Skip to content

Scaling Strategies

KanjiIQ is designed to scale from its current single-node deployment to a multi-node, multi-region architecture as traffic grows.

Current State

Metric Value
Cluster nodes 1 (Hetzner dedicated)
Application replicas 2
Database Single PostgreSQL instance
Traffic handling ~100 req/min per IP (rate limited)

This handles the current traffic comfortably. The sections below outline the scaling path as demand increases.

Horizontal Pod Autoscaling (HPA)

The first scaling step is adding HPA to automatically adjust replica count based on load:

apiVersion: autoscaling/v2
kind: HorizontalPodAutoscaler
metadata:
  name: jlpt-kanji-hpa
  namespace: jlpt-kanji
spec:
  scaleTargetRef:
    apiVersion: apps/v1
    kind: Deployment
    name: jlpt-kanji
  minReplicas: 2
  maxReplicas: 10
  metrics:
    - type: Resource
      resource:
        name: cpu
        target:
          type: Utilization
          averageUtilization: 70
    - type: Resource
      resource:
        name: memory
        target:
          type: Utilization
          averageUtilization: 80

Requirements: Metrics Server must be installed (included in k3s by default).

Impact: Application scales automatically between 2-10 replicas based on CPU/memory pressure, with no code changes.

Multi-Node Cluster

When a single node reaches resource limits, add worker nodes to the k3s cluster:

# On the new worker node
curl -sfL https://get.k3s.io | K3S_URL=https://master:6443 \
  K3S_TOKEN=<node-token> sh -

Kubernetes automatically schedules pods across all available nodes.

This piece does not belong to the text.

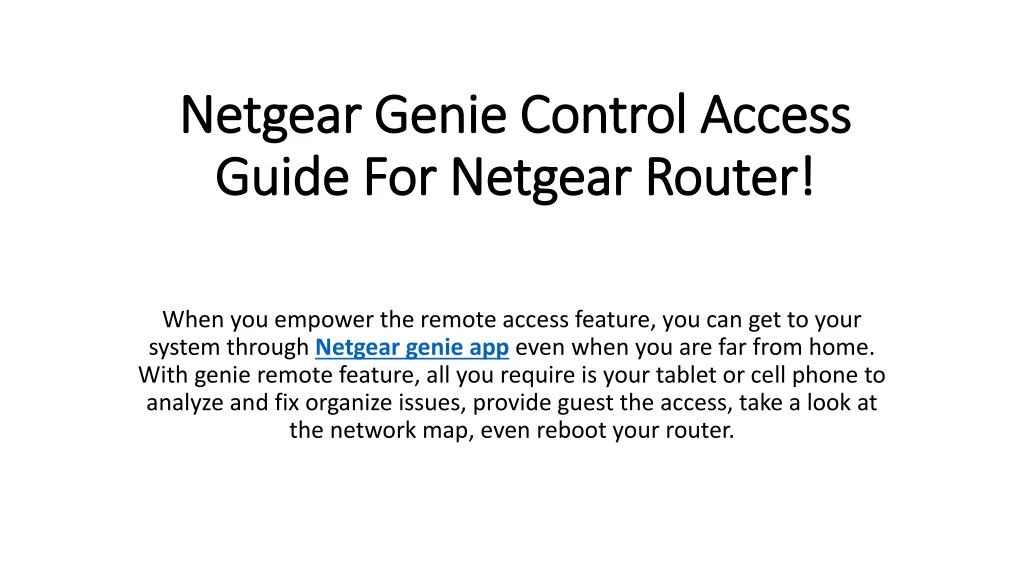 netgear genie control access guide for netgear router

The application requires no changes — it is already stateless.

Node Affinity (Optional)

To control pod placement:

spec:
  affinity:
    podAntiAffinity:
      preferredDuringSchedulingIgnoredDuringExecution:
        - weight: 100
          podAffinityTerm:
            labelSelector:
              matchLabels:
                app: jlpt-kanji
            topologyKey: kubernetes.io/hostname

This spreads replicas across different nodes for better fault tolerance.

Database Scaling

Connection Pooling

Add PgBouncer as a sidecar container to pool database connections:

containers:
  - name: pgbouncer
    image: edoburu/pgbouncer
    ports:
      - containerPort: 6432
    env:
      - name: DATABASE_URL
        valueFrom:
          secretKeyRef:
            name: jlpt-kanji-secrets
            key: database-url

The backend connects to PgBouncer on :6432 instead of PostgreSQL directly, reducing connection overhead.

Read Replicas

For read-heavy workloads (flashcard queries), add PostgreSQL streaming replication:

  1. Primary instance handles writes (study sessions, quiz results)
  2. Read replicas handle reads (kanji/vocabulary queries)
  3. Backend routes queries based on operation type

Managed Database

The simplest database scaling path is migrating to a managed service:

  • AWS RDS: Multi-AZ, automated backups, read replicas
  • GCP Cloud SQL: HA configuration, automatic failover
  • Hetzner Managed PostgreSQL: When available

See Portability for migration details.

CDN Layer

Static frontend assets can be served through a CDN for global performance:

graph LR
    U[User] --> CF[Cloudflare CDN]
    CF -->|Cache HIT| U
    CF -->|Cache MISS| N[Nginx Frontend]
    N --> CF

Since the Flutter Web frontend produces static files (JS, CSS, images), these are ideal CDN candidates:

  • Cache policy: 1 year for hashed assets, no-cache for index.html
  • Global PoPs: Content served from the nearest edge location
  • DDoS protection: CDN absorbs volumetric attacks

Cloudflare DNS is already in place — enabling proxy mode activates the CDN layer.

Scaling Roadmap

Traffic Level Infrastructure Key Changes
Current (low) 1 node, 2 replicas, single PG None needed
Growing (moderate) 1 node, HPA (2-10 replicas) Add HPA manifest
High 2-3 nodes, HPA, PgBouncer Add worker nodes + connection pooling
Very High Multi-node, managed DB, CDN Migrate DB to RDS/Cloud SQL, enable CDN
Global Multi-region clusters, read replicas Significant architecture evolution

Each step is incremental — no rewrites required. The application code remains unchanged across all scaling levels.